By Lawrence A. Cunningham, who will discuss his new book, Berkshire Beyond Buffett: The Enduring Value of Values, at Washington University’s Olin School in St. Louis on Wednesday February 25 at 4:00 pm. Special guests include Tom Manenti, CEO of Berkshire’s MiTek subsidiary.
Berkshire Hathaway, the conglomerate Warren Buffett built, is vast and unconventional. Yet despite unusual traits, the company’s success comes down to favoring old-fashioned business values like trust and thrift while shunning the fast buck and debt. For businesses of all sizes, it offers a model worth emulating.

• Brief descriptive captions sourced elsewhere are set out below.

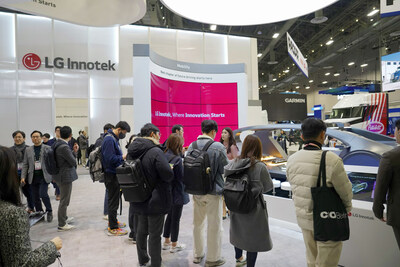 LG Innotek Pre-Booth tour for media that has taken place on the 8th of January
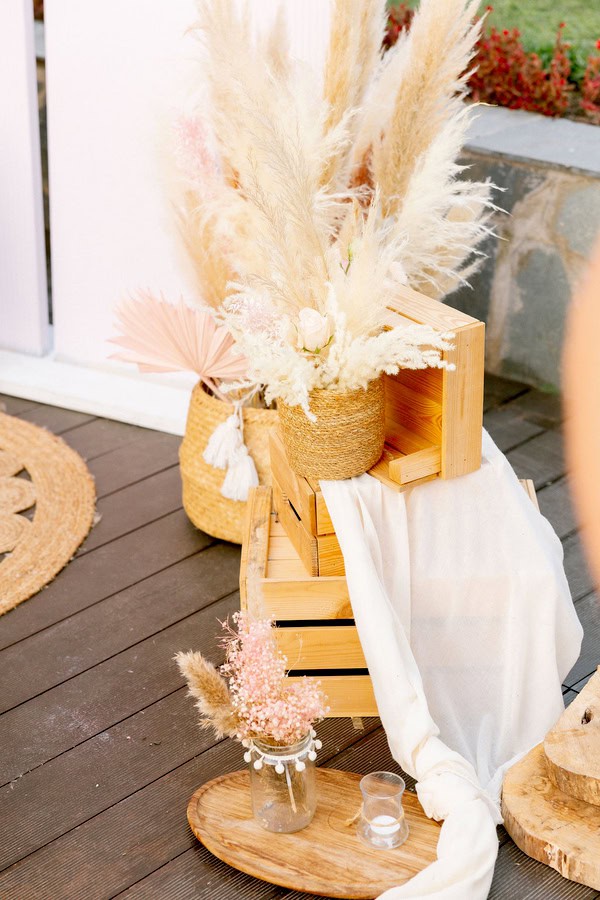 Decorative Ideas Cute Girl Baptism Wild Flowers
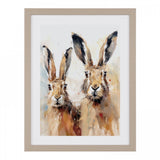 Hattie and Harold Framed Canvas by Joanna Lea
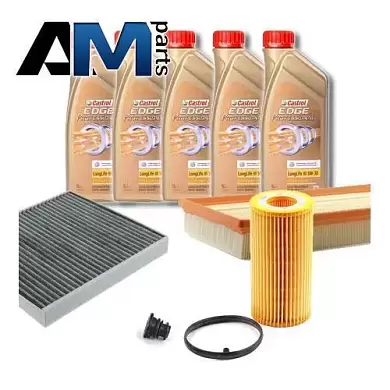 Комплект неоригинальных фильтров для ТО-1/3 Октавия A7 II рестайлинг 1.8TFSI с маслом Castrol 5W30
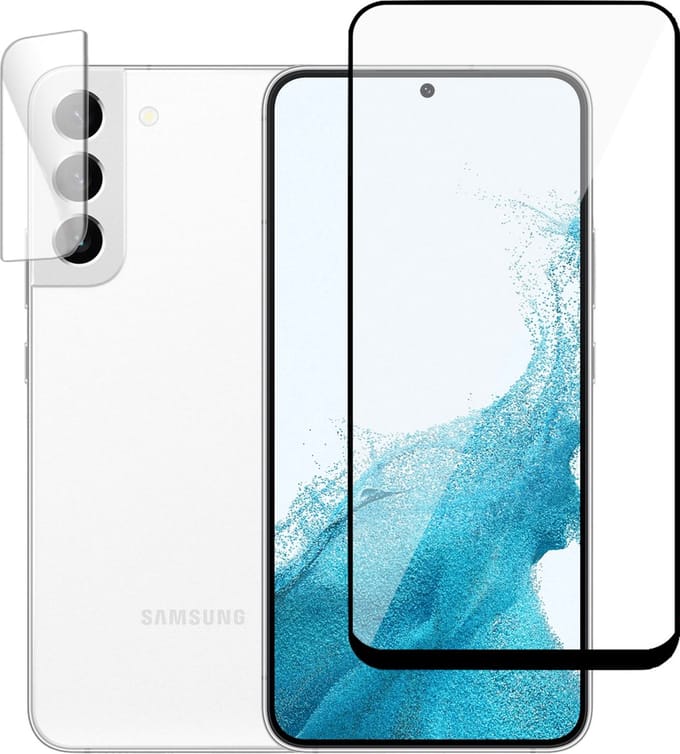 Geschikt voor Samsung S22 Plus Screenprotector + Camera Gehard Glas Screen Protector - Full Screen Protector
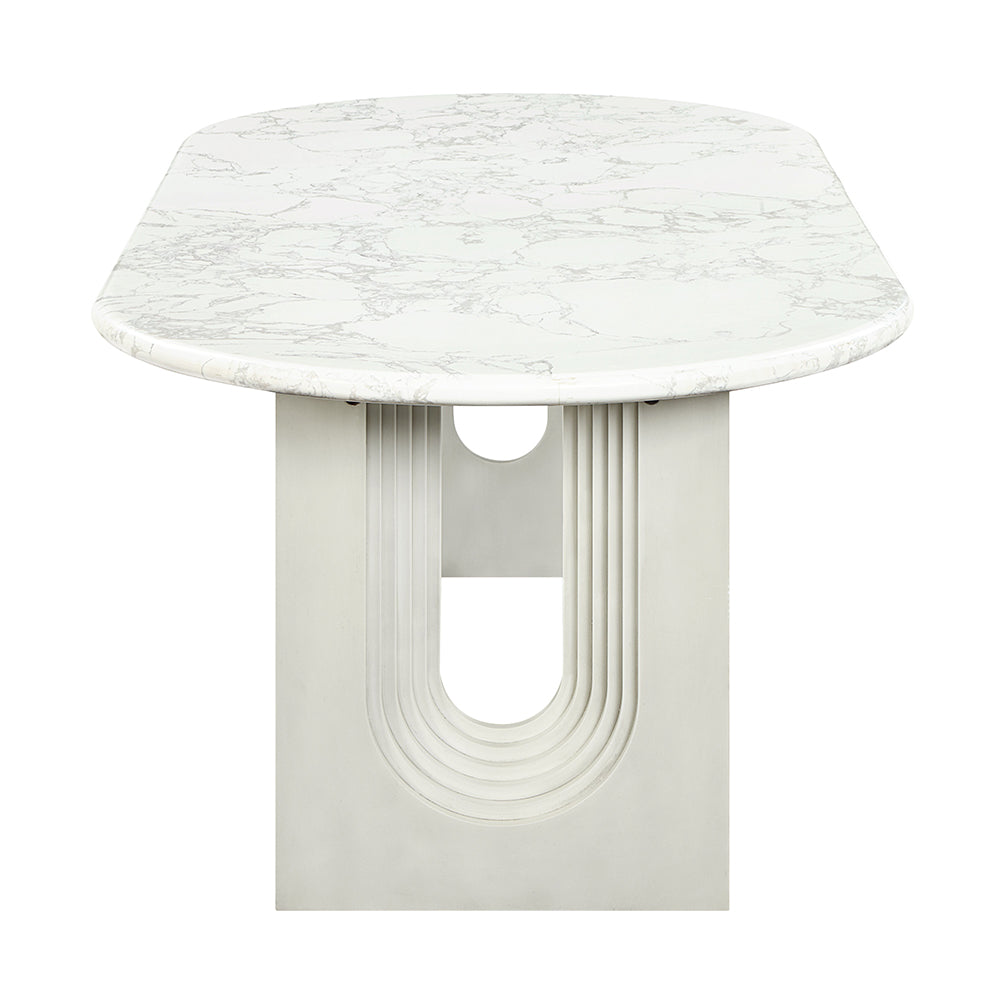ACME Zayn Dining Table – room setting – Lusso Furniture Miami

If Berkshire were a country and its revenues its gross domestic product, the company would be among the world’s top 50 economies. Berkshire’s cash alone exceeds the total assets of all but the largest corporations. While Warren Buffett became famous as a stock picker, he built Berkshire through insurance companies and today oversees a hodgepodge of wholly-owned businesses, including a popular US auto insurer (GEICO), a large railroad (BNSF), a huge energy company, and pacesetters in fields as different as diamonds and mobile homes.
Although not every business always outperforms, overall Berkshire has beaten the broader stock market for its shareholders 80 percent of the time, often by double digits. Berkshire’s average annual gain has doubled that of the Standard & Poor’s 500 index, a cross-section of public company stocks. With a market value of $350 billion, Berkshire has generated great wealth for all its constituencies.